7.2.5 Repeating the Experiment
Let us repeat the process many times and examine how prediction errors behave.
set.seed(123)
B <- 1000
errors <- replicate(B, {
x <- rnorm(n, mu, sigma)
xbar <- mean(x)
x_future <- rnorm(1, mu, sigma)
x_future - xbar
})
mean(errors)## [1] -0.1871296
## [1] 10.42275
We observe two key ideas:
- On average, the prediction error is close to zero.
- Individual predictions can still be far from the realized value.
This illustrates an essential principle:
Even if we estimate the mean very well, individual future outcomes still vary.
7.2.5.1 A Conceptual Perspective
Estimation focuses on learning about a fixed parameter. Prediction focuses on forecasting a random future value.
As the sample size increases:
- Our estimate of the mean becomes more precise.
- But future observations remain inherently variable.
This means that prediction always involves uncertainty that cannot be completely eliminated.
7.3 Example of Statistical Inference
To illustrate these ideas in context, consider research examining the relationship between calorie consumption and body weight.

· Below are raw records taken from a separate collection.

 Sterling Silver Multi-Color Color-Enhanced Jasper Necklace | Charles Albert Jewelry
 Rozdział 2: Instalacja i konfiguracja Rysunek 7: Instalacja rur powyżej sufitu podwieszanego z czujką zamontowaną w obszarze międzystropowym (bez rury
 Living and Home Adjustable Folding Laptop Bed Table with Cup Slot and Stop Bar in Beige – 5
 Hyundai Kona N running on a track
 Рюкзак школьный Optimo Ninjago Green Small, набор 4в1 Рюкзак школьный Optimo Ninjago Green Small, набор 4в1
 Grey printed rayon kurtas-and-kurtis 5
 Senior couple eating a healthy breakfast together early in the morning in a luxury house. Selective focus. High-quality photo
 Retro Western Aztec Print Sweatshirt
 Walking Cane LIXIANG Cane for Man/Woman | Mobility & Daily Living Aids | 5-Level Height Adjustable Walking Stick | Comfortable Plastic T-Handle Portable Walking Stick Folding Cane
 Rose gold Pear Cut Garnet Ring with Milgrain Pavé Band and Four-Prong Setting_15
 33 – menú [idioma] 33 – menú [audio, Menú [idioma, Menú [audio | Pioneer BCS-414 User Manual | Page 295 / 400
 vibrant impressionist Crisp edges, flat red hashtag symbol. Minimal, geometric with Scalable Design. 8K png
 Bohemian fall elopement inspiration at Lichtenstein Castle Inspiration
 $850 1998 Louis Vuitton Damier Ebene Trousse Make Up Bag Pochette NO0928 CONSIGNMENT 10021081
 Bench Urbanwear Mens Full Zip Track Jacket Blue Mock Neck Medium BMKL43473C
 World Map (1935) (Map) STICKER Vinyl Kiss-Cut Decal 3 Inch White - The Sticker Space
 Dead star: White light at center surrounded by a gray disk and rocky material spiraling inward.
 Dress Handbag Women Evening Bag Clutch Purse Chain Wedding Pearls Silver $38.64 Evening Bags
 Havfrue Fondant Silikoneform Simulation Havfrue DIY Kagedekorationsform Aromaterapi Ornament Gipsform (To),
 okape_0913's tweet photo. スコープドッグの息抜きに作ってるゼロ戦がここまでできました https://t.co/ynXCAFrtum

In nutritional epidemiology, researchers often study whether higher caloric intake is associated with increased body weight. Suppose a peer-reviewed study collects dietary data from a random sample of adults and measures their body weight.
Conceptually, the research question is:
- Is average body weight associated with average daily calorie intake?
- Is the mean weight of individuals consuming more than 2,500 calories different from those consuming fewer?
From a statistical perspective:
The population is the joint distribution of calorie intake and body weight.
Parameters may include:
- The mean body weight.
- The mean difference in weight between two groups.
- The slope in a regression model.
The researchers do not observe the entire population. They observe a sample.
Suppose we simulate such a scenario.
set.seed(123)
n <- 200
calories <- rnorm(n, mean = 2200, sd = 400)
weight <- 50 + 0.01 * calories + rnorm(n, sd = 5)
plot(calories, weight,
xlab="Calories",
ylab="Weight",
main="Simulated Relationship Between Calories and Weight")
In this simulated data:
- There is a positive association.
- The relationship is noisy.
- The sample represents only one realization of many possible samples.
From here, statistical inference addresses:
Estimation:
- What is the average effect of calories on weight?
- What is the estimated mean weight?
Interval estimation:
- What is a plausible range for the true slope?
- How precise is the estimated mean?
Hypothesis testing:
- Is the association statistically significant?
- Could the observed relationship arise by chance?
Importantly, any conclusion must account for sampling variability. A different sample might produce a slightly different slope, different means, and different p-values.
This example demonstrates the full transition:
- Probability describes how data could be generated.
- Statistics uses observed data to learn about the generating process.
We do not claim certainty. Instead, we quantify uncertainty using probability models.
7.4 Concluding Perspective
Statistical inference rests on three foundational principles:
- Data are realizations of random variables.
- Statistics computed from data are themselves random.
- Their sampling distributions determine the reliability of conclusions.
Probability provides the language of randomness. Statistics uses that language to extract information from data.
In the next lessons, we will formalize these ideas and develop the mathematical tools required for rigorous inference.